▶ [REQUIREMENT] The data that follows is to be given again, exactly as written.

▶ [INPUT DATA]
*** Block opens ***

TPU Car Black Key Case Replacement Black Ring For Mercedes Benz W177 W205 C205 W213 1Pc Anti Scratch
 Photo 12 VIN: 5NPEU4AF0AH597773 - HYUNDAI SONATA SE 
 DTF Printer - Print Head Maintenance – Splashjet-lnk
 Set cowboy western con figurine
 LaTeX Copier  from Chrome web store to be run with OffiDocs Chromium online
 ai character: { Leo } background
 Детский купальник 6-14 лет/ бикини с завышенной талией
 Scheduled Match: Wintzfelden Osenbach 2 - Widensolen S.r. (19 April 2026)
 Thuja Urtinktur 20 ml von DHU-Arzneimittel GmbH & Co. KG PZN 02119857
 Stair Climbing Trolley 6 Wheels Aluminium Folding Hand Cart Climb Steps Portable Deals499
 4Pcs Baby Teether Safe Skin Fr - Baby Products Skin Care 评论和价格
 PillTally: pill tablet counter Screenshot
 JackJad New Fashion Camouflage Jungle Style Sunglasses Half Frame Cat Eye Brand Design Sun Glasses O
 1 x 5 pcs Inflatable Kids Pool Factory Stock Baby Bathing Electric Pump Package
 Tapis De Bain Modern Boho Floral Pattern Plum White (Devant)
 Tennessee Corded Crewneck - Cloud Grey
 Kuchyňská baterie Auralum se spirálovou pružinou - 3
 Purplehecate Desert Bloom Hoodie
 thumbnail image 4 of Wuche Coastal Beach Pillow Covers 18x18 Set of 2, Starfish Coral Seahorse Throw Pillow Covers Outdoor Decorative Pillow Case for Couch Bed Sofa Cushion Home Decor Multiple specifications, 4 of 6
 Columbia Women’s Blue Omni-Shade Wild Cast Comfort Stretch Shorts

*** Block closes ***

▶ [SOLUTION TO THIS PROBLEM]
TPU Car Black Key Case Replacement Black Ring For Mercedes Benz W177 W205 C205 W213 1Pc Anti Scratch
 Photo 12 VIN: 5NPEU4AF0AH597773 - HYUNDAI SONATA SE 
 DTF Printer - Print Head Maintenance – Splashjet-lnk
 Set cowboy western con figurine
 LaTeX Copier  from Chrome web store to be run with OffiDocs Chromium online
 ai character: { Leo } background
 Детский купальник 6-14 лет/ бикини с завышенной талией
 Scheduled Match: Wintzfelden Osenbach 2 - Widensolen S.r. (19 April 2026)
 Thuja Urtinktur 20 ml von DHU-Arzneimittel GmbH & Co. KG PZN 02119857
 Stair Climbing Trolley 6 Wheels Aluminium Folding Hand Cart Climb Steps Portable Deals499
 4Pcs Baby Teether Safe Skin Fr - Baby Products Skin Care 评论和价格
 PillTally: pill tablet counter Screenshot
 JackJad New Fashion Camouflage Jungle Style Sunglasses Half Frame Cat Eye Brand Design Sun Glasses O
 1 x 5 pcs Inflatable Kids Pool Factory Stock Baby Bathing Electric Pump Package
 Tapis De Bain Modern Boho Floral Pattern Plum White (Devant)
 Tennessee Corded Crewneck - Cloud Grey
 Kuchyňská baterie Auralum se spirálovou pružinou - 3
 Purplehecate Desert Bloom Hoodie
 thumbnail image 4 of Wuche Coastal Beach Pillow Covers 18x18 Set of 2, Starfish Coral Seahorse Throw Pillow Covers Outdoor Decorative Pillow Case for Couch Bed Sofa Cushion Home Decor Multiple specifications, 4 of 6
 Columbia Women’s Blue Omni-Shade Wild Cast Comfort Stretch Shorts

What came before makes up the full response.